Rule: Candidate concepts in ingestion pipeline
Problem description
Sources often do not fully cover the vocabulary fields on the MP side. To give an example: we use for activities the TaDiRAH2 vocabulary but this vocabulary is only sometimes used by sources. Therefore we take the values from the source that fit our vocabulary. We currently don't have a general rule for the values that do not fit into the vocabulary.
Workflow
In the mapping process we try to identify how much coverage we get from a source field when mapping it to an MP vocabulary driven field (type CONCEPT). We may introduce a value mapping table to support an ingestion pipeline (currently this is done in the mapping spreadsheet but needs to be moved to a machine readable format which can be also edited and evolved by curators - there will be a dedicated issue on this).
Based on the source values and on the mapping table we hopefully have a high coverage when ingesting data from a source. But there will be probabily values that were not covered or that are so much apart the MP vocabulary that they qualify for a new concept value (or maybe covered better by a different vocabulary). To make the whole thing even more complicated: we do have vocabularies were we don't like to add new concepts (usually controlled vocabularies coming from an external authority where new concepts should be introduced by this authority and not through us, e.g. TaDiRAH).

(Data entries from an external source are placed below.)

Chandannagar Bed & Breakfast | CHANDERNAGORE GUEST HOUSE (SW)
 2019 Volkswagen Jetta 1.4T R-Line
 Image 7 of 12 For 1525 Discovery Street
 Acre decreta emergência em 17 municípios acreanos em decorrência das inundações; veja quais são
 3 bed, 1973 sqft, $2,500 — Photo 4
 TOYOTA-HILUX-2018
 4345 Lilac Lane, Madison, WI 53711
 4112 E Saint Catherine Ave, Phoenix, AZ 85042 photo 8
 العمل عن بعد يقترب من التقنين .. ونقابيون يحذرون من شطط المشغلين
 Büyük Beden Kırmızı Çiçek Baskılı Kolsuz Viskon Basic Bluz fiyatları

In the backend we do have a vocabulary management implemented (sshoc-marketplace-backend#86 (closed)) that is able to handle candidate concepts. It allows to add new concepts to a vocabulary. This mechanism should be used for newly discovered concepts at the source but with consideration of afore mentioned closed vocabularies.
General rule to apply
If a concept is discovered at the source that can't be found in the MP vocabulary of the concerned MP field (usually a dynamic property) and where the value of the concept is also not defined in the mapping table, then this concept becomes a candidate concept. Such candidate concepts should be added to the MP sshoc-keyword
vocabulary (API call api/vocabularies/sshoc-keyword
) as long as the mapping document does not say something different. To give an example: if for the MP activity
property a new concept is discovered at the source which qualifies as a candidate concept, then this candidate concept should be added to the MP keyword
property (and not to the activity
property). Additionally, there should be a logfile created, which informs about this newly found candidate concepts (we like to have for curation the information from where candidate concepts are coming and we hope to solve this with such logfiles).
Questions @sotiris.karampatakis @anowak ?
Informing @matej.durco @lbarbot @edward.gray about this rule